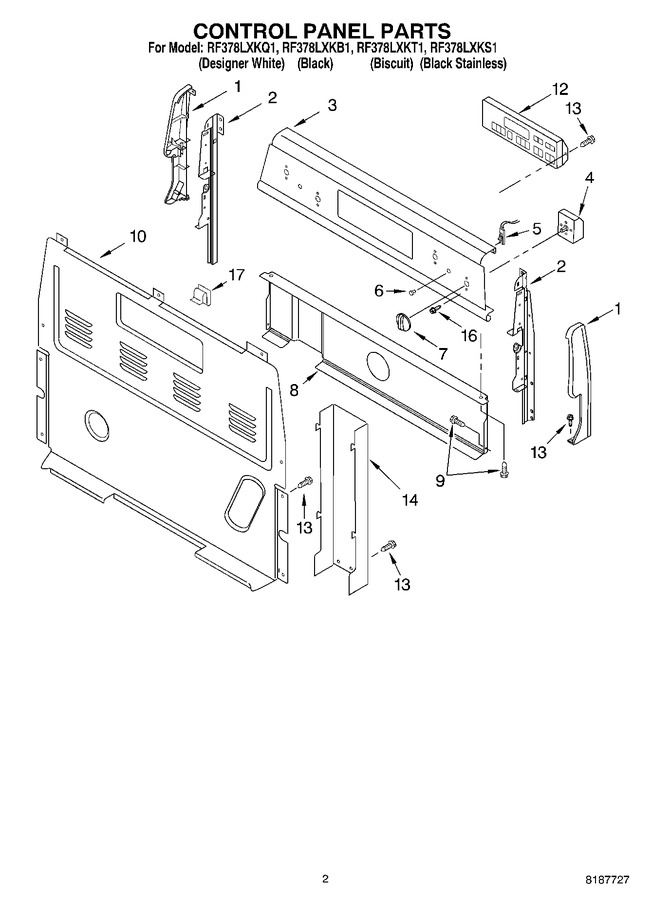 Diagram for RF378LXKS1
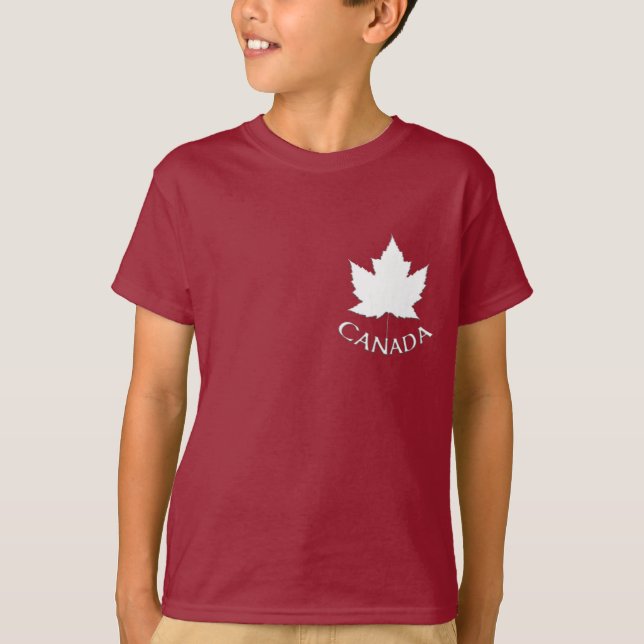 Camiseta Chaqueta de Canadá para niños personaliza a Canadá (Anverso)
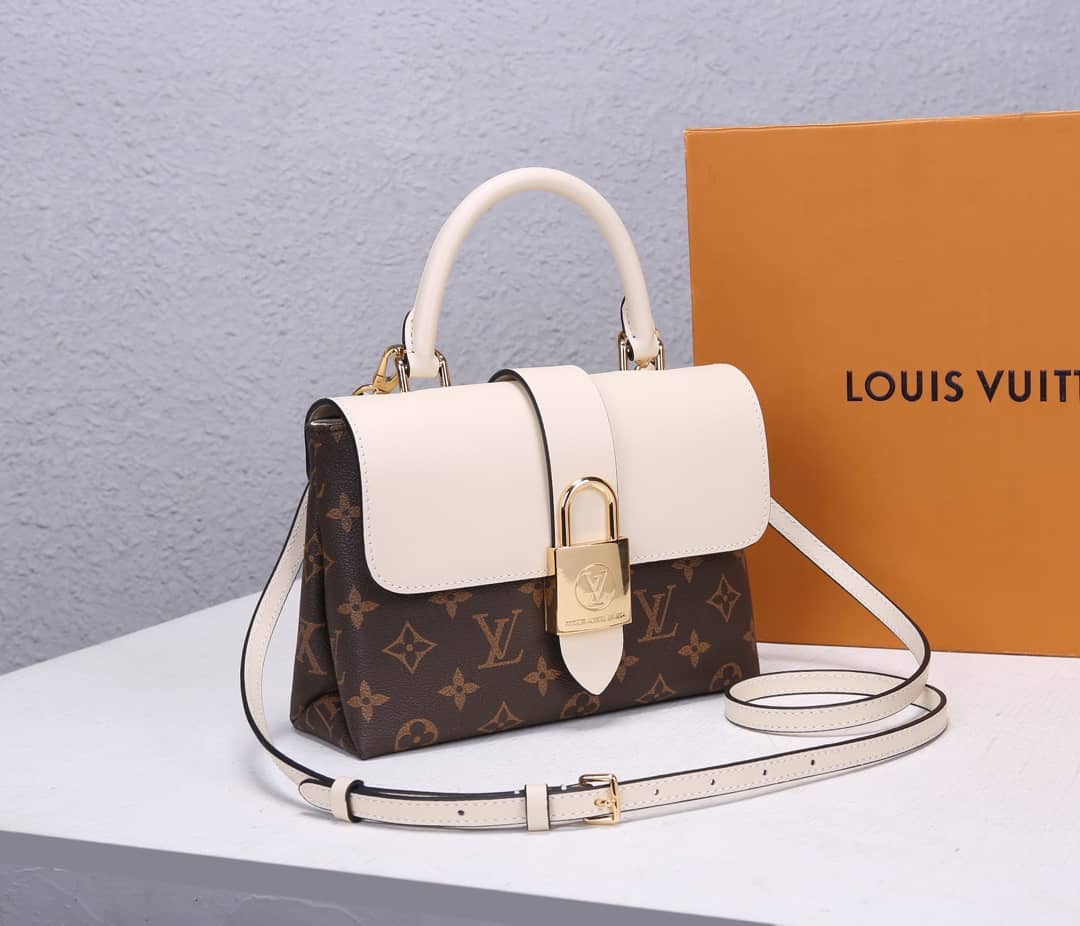 Best Replica Louis Vuitton Locky BB 2way Replica Shoulder Bag White M44141 - Colareps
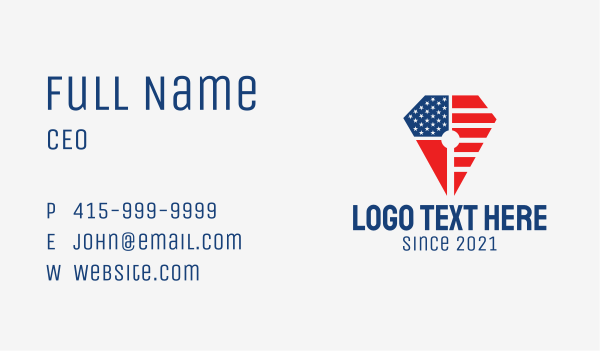 American Flag Pencil  Business Card Design Image Preview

■ **About this exercise**
Exact copy, no pictures: please print the data above once more.

■ **Solution to this exercise**
 Diagram for RF378LXKS1
 Camiseta Chaqueta de Canadá para niños personaliza a Canadá (Anverso)
 Best Replica Louis Vuitton Locky BB 2way Replica Shoulder Bag White M44141 - Colareps
 American Flag Pencil  Business Card Design Image Preview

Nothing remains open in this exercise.